RAW DATA>
+++
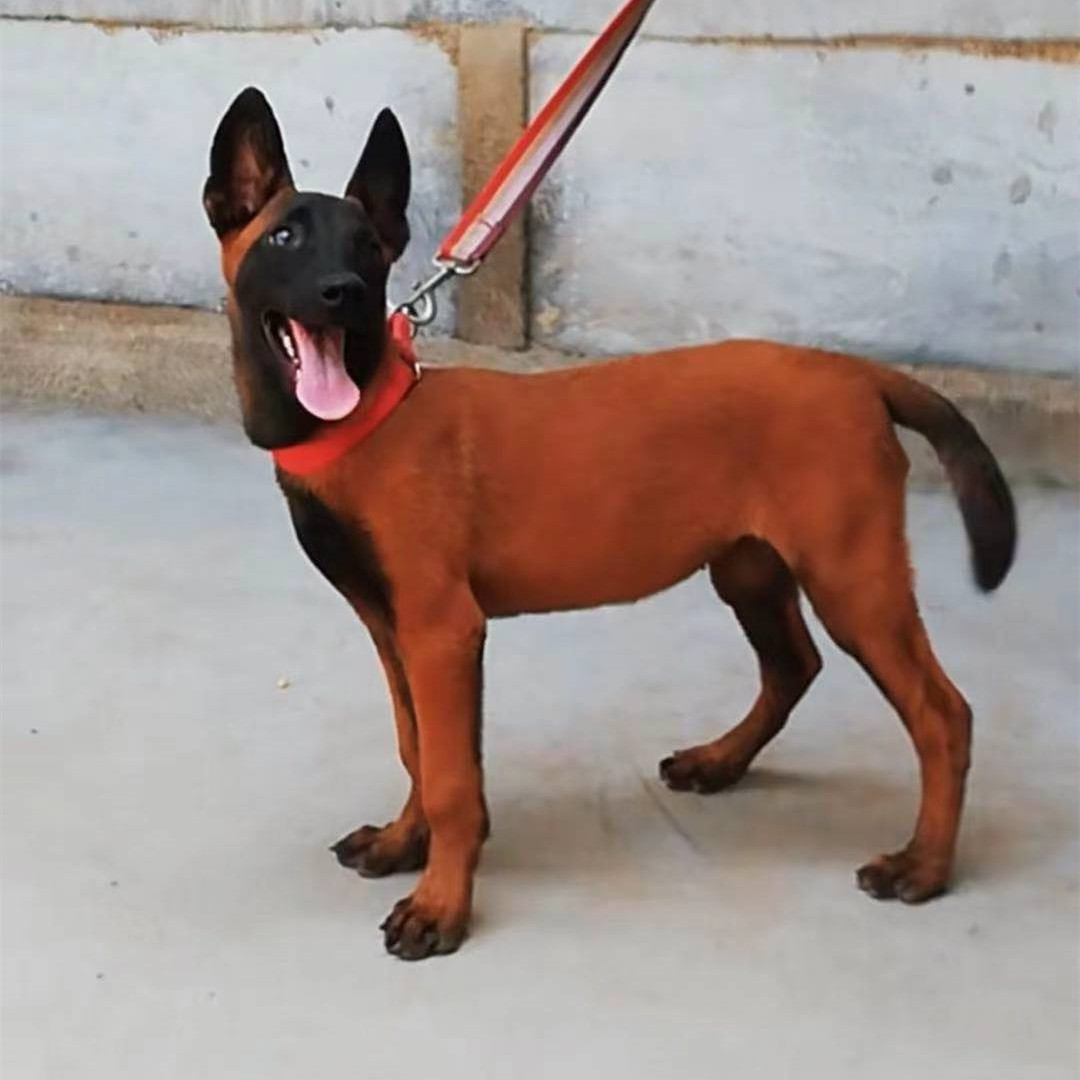 出售红马犬幼犬活 体   大骨架毛色漂亮三个月红马犬多少一条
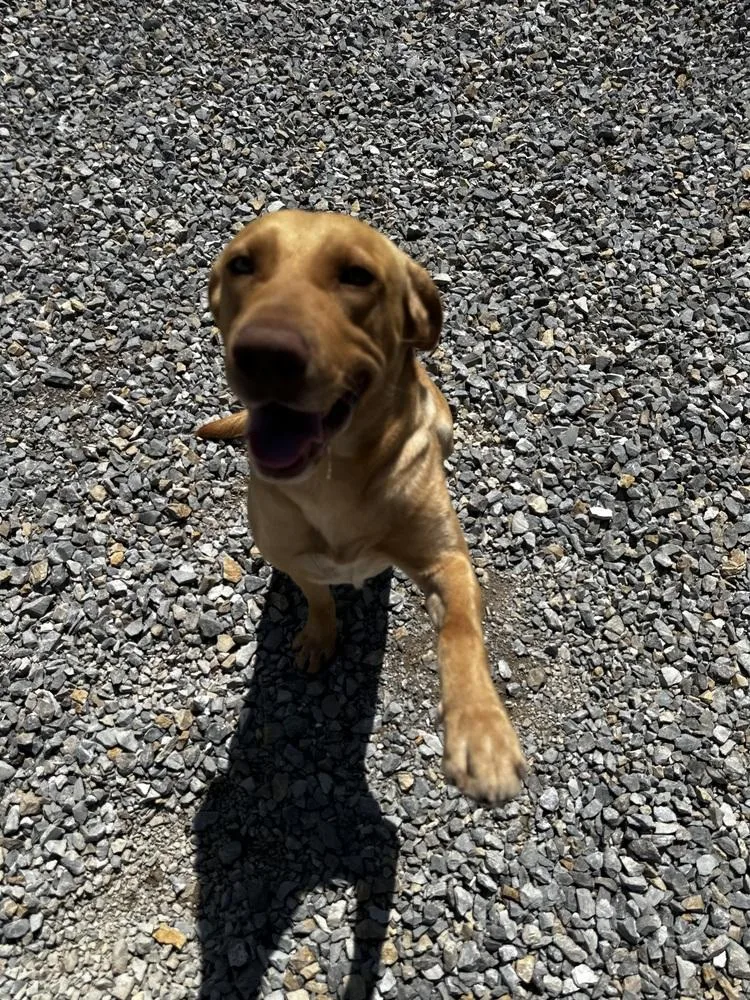 Cushenan  Yeller thumbnail 2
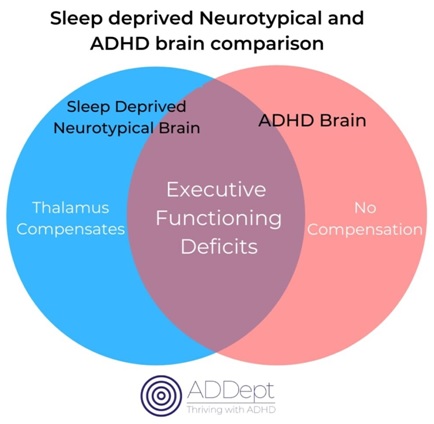 Sleep Deprived and ADHD brain comparison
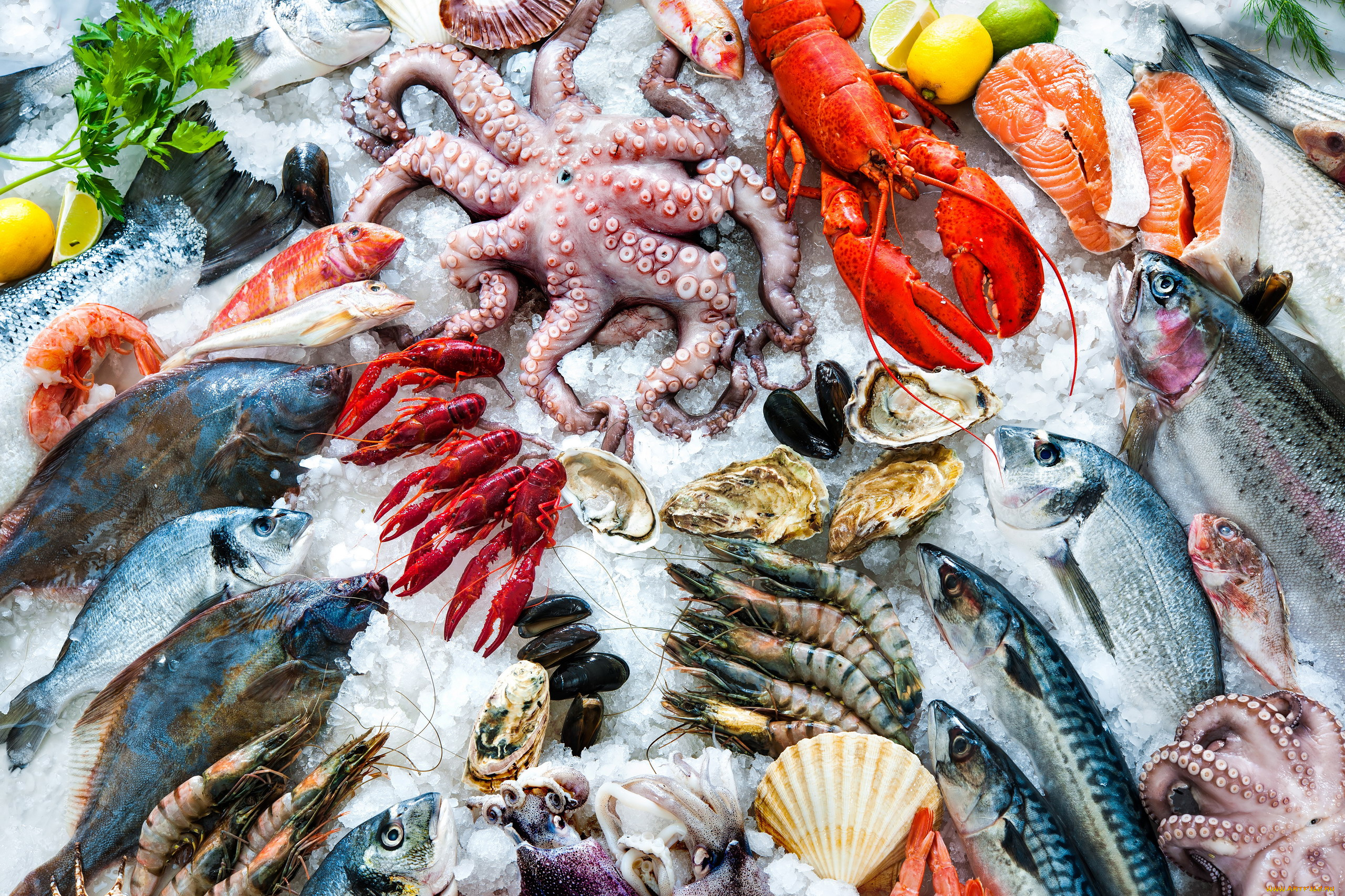 еда, рыба, , морепродукты, , суши, , роллы, лед, свежие, морепродукты, креветки, осьминог, мидии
+++
WHAT YOU NEED TO DO>
Each line above should be set down exactly as written, with pictures excluded.

REPLY>
 出售红马犬幼犬活 体   大骨架毛色漂亮三个月红马犬多少一条
 Cushenan  Yeller thumbnail 2
 Sleep Deprived and ADHD brain comparison
 еда, рыба, , морепродукты, , суши, , роллы, лед, свежие, морепродукты, креветки, осьминог, мидии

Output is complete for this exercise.